The terrible thing about Harold Camping’s prediction that Christ will return today* is that it turns God’s Judgment Day into the same sort of thing. There are some among us who take nothing seriously about the Lord, and I’m sure they’ll laugh at anyone who wonders about a day like today. Let them. For doubters and seekers there might be instead an entertaining thrill, a delicious frisson of fear to the thought, “What if this is The Day? What if they’re right, and this is Really It for us all?”
I’m picturing someone in my mind who doesn’t know if God is for real, but doubts he’s ready to meet him if he is. The prospect is unsettling, even fearful. And then the thought: what if Camping is right? But he knows that’s just dumb. At worst, it’s a kind of horror-movie fear. No one really believes this is The Day—not even Camping’s own staff. However frightening the thought of meeting God this very day might be, it’s a thrill no more dangerous and only slightly less entertaining than in a movie. He knows in a few hours he’ll be past it. At the end of the day he’ll have his coffee and laugh at himself for letting that “what if...?” creep into his mind: “Silly me, to let myself even wonder about that!”
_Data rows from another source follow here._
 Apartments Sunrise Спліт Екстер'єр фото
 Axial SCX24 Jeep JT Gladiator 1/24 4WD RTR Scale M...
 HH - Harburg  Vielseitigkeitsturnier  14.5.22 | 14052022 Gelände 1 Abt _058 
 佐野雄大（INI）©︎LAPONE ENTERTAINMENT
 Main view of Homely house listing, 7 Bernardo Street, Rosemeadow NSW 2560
Silly indeed. Or maybe not. Yesterday morning I was driving on a narrow, shoulder-less two-lane road near our home, where some very foolish driver ahead of me decided to pass the car in front of him. He pulled his pickup truck out and came alongside the other car, so they were fully side by side going southwest. Did I mention this foolish driver was coming toward me? I was only about a hundred yards from both of those vehicles, going northeast at 35 mph. I mashed my brakes, and thank God, the other guy did too, and he pulled back into his lane.
My heart was pounding for a good while after that. This was no cinema scare. There’s no guarantee things will come out right when a driver pulls a stunt like that. Yesterday could have been The Day for me.
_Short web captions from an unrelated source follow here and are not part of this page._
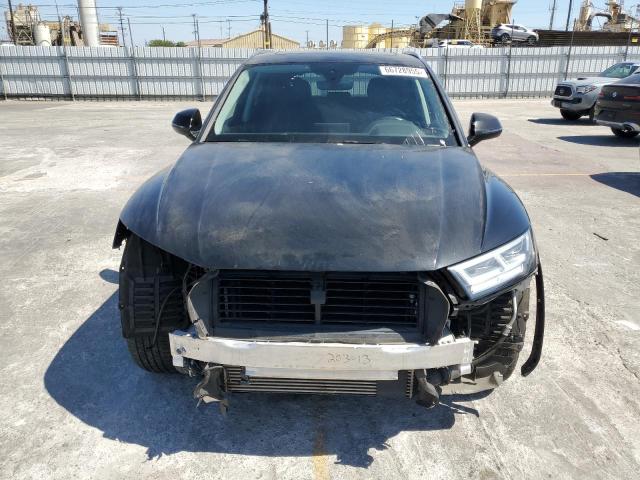 2018 AUDI Q5 PREMIUM WA1BNAFY7J2067921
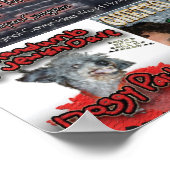 Jewish Dave & Friends Poster (Ecke)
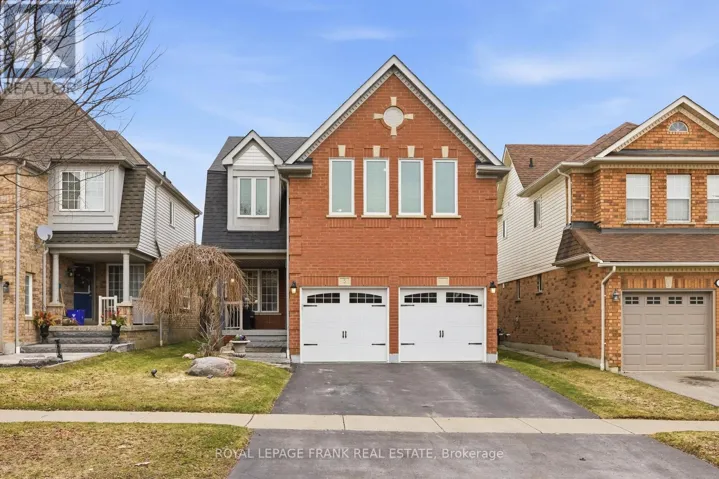 5 TELEGRAPH DRIVE, Whitby (Williamsburg), Ontario L1P1S2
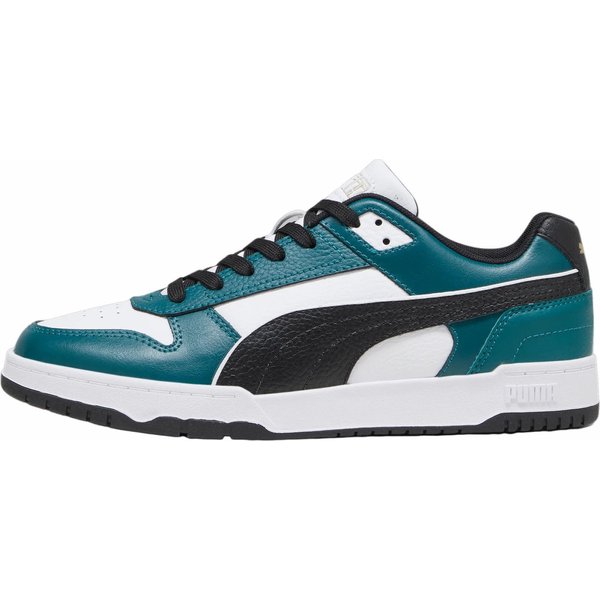Buty RBD Game Low Puma - White Black-Malac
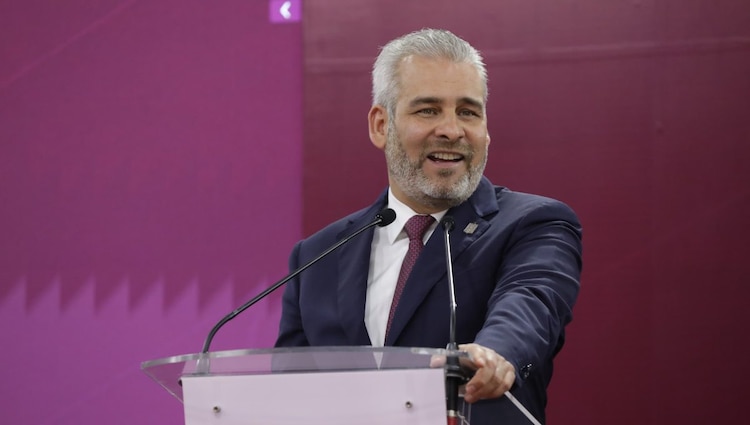 El mandatario estatal destacó la firma de un convenio de seguridad con el municipio de Uruapan, para fortalecer los esquemas de operación y reacción inmediata.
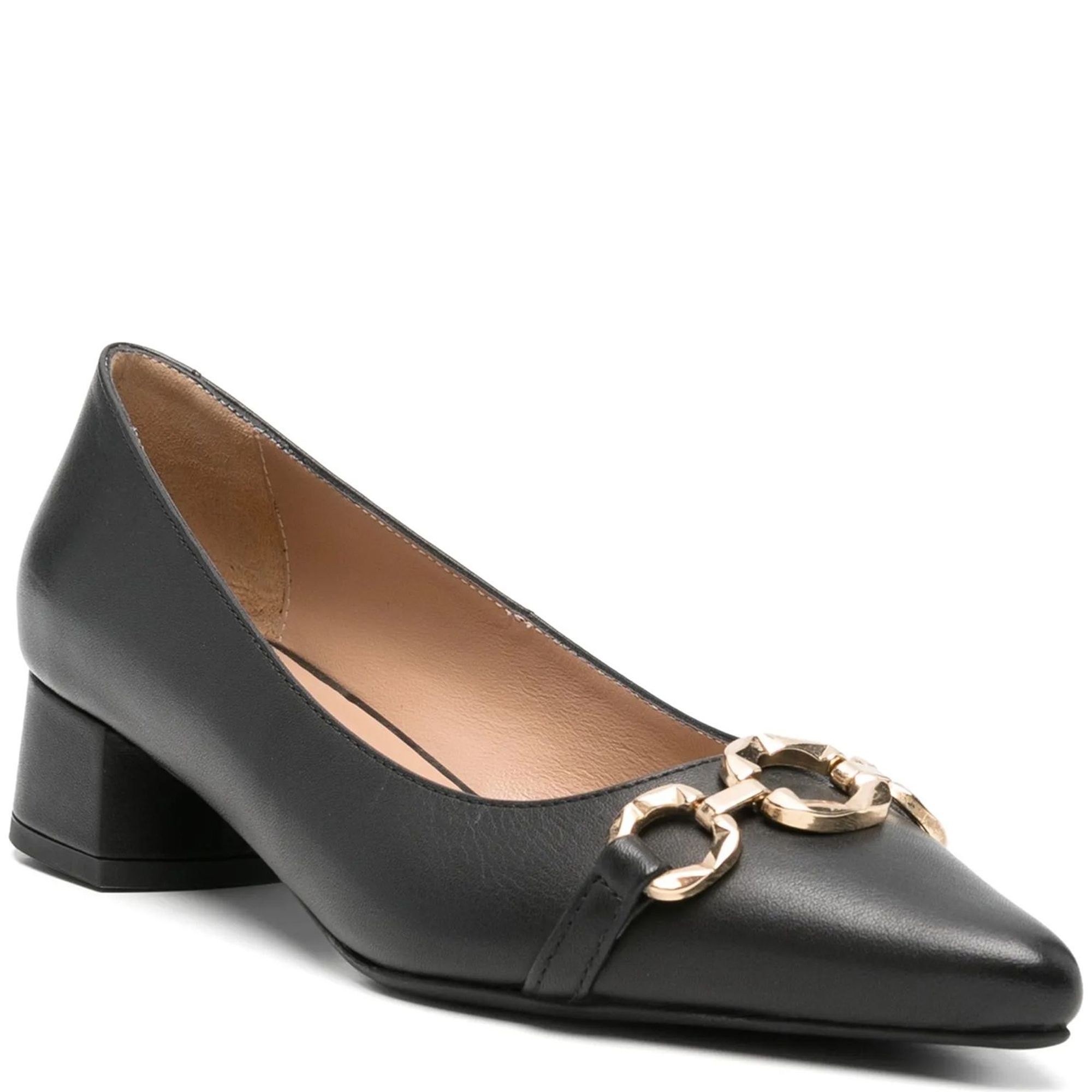 SERGIO MORETTI Aukštakulniai moterims, Juoda, Pumps 1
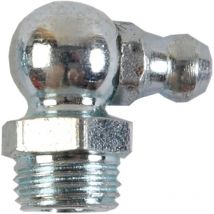 Embout de graissage conique H3 DIN71412 3 (R 1/8 po., 1/8 po. BSP) mm forme C SW 11 mm 6 pans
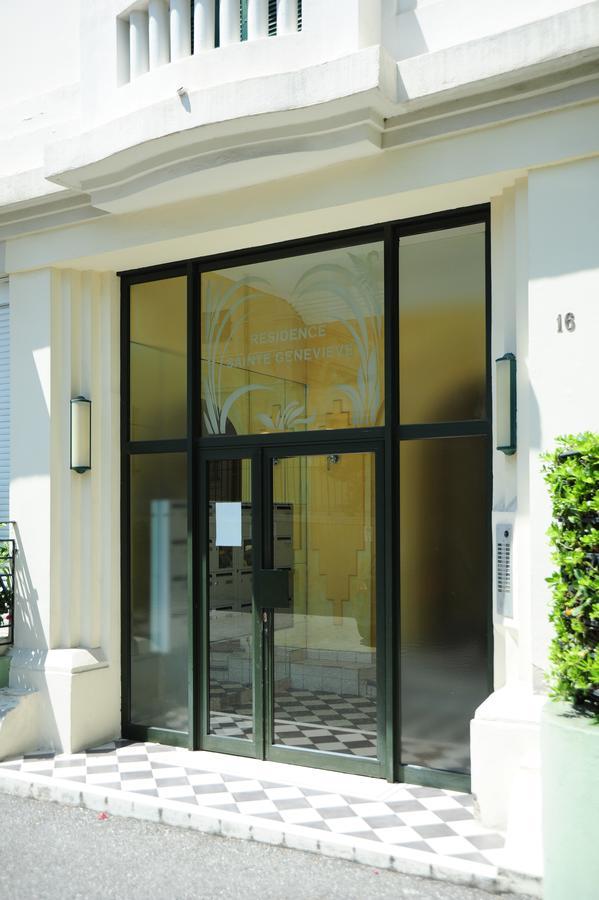 Suite St Genevieve Five Stars Holiday House Nice Exterior photo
It could have been The Day for any of us. Some day certainly will be.
Like other would-be prophets before him, Camping has trivialized the Day of the Lord. This is Camping’s crime: he has turned it into an entertainment piece. He gives the atheists something else to laugh about in Christianity. That’s bad, but it’s not the worst thing. He gives the doubters and seekers reason to laugh at themselves: “Silly me, to wonder about that! I’ll be more careful not to let those kinds of thoughts bother me from now on.”
*The linked page is specific to today, May 21. I have no idea how it will look tomorrow. Today, however, it’s further trivializing—especially the trumpets. The last trumpet will not have flags of the nations hanging from it.